1. ## A tough definite integral

Is there any elementary reasoning to get $\displaystyle \displaystyle\int^1_0 \sqrt{x(1-x)}\ dx = \pi/8$? The actual antiderivative is too long, and I don't think computing it is the right approach for the question I am working on. Could there be a polar coordinate transformation? Since the answer has a $\displaystyle \pi$ in it. I just need a tiny hint, thanks.

2. Originally Posted by Crescent
Is there any elementary reasoning to get $\displaystyle \displaystyle\int^1_0 \sqrt{x(1-x)}\ dx = \pi/8$? The actual antiderivative is too long, and I don't think computing it is the right approach for the question I am working on. Could there be a polar coordinate transformation? Since the answer has a $\displaystyle \pi$ in it. I just need a tiny hint, thanks.

Note that $\displaystyle \displaystyle \int_0^1\sqrt{x(1-x)}dx=\frac{1}{2}\int_{-1}^{1}\sqrt{\left(x-\frac{1}{2}\right)^2-\frac{1}{2^2}}dx$, trying interpreting this geometrically as the area of a common shape.
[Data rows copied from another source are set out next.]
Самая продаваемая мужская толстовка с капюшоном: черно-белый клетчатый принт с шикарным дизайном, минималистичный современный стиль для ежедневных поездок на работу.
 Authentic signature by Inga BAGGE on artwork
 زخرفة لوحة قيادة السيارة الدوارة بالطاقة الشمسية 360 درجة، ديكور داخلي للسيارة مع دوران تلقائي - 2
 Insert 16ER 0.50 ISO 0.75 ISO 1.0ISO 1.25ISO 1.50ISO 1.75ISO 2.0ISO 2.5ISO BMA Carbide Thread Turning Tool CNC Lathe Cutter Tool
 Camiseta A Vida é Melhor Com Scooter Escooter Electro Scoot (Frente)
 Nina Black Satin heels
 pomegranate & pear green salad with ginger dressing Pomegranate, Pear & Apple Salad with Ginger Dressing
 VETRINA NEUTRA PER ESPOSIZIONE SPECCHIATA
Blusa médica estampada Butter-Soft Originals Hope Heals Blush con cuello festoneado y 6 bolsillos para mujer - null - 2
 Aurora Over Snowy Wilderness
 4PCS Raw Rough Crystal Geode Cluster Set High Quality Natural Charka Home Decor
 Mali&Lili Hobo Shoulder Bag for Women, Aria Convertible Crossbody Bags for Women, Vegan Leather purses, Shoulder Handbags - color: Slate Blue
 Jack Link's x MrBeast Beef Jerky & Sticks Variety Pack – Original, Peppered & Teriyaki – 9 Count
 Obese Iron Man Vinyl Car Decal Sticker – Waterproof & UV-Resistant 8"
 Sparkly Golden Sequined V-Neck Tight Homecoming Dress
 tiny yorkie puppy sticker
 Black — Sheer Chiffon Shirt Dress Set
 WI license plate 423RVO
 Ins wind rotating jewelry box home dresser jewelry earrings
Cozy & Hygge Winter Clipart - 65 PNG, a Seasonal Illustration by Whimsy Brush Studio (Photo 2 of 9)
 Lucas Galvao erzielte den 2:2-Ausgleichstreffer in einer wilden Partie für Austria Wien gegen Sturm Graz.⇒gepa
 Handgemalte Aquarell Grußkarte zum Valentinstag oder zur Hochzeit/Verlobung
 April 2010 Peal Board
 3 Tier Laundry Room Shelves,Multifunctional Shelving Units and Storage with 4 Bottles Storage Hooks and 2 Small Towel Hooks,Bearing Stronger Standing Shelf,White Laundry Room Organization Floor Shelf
3. Originally Posted by Drexel28
Note that $\displaystyle \displaystyle \int_0^1\sqrt{x(1-x)}dx=\frac{1}{2}\int_{-1}^{1}\sqrt{\left(x-\frac{1}{2}\right)^2-\frac{1}{2^2}}dx$, trying interpreting this geometrically as the area of a common shape.
Thanks for the hint! I used the result that $\displaystyle \sqrt{x(1-x)}=\sqrt{-(x-\frac{1}{2})^2+\frac{1}{4}}$ and the square root of parabola with negative leading coefficient and maximum point of positive coordinates is an ellipse (circle in this case) to get the result, that seems more intuitive to me.

4. Originally Posted by Crescent
Thanks for the hint! I used the result that $\displaystyle \sqrt{x(1-x)}=\sqrt{-(x-\frac{1}{2})^2+\frac{1}{4}}$ and the square root of parabola with negative leading coefficient and maximum point of positive coordinates is an ellipse (circle in this case) to get the result, that seems more intuitive to me.
Correct! So you can (sorry for forgetting the negative) realize this integral as the area of a semi-circle.

5. Does the fact that the integrand has the same value for both limits not help at all?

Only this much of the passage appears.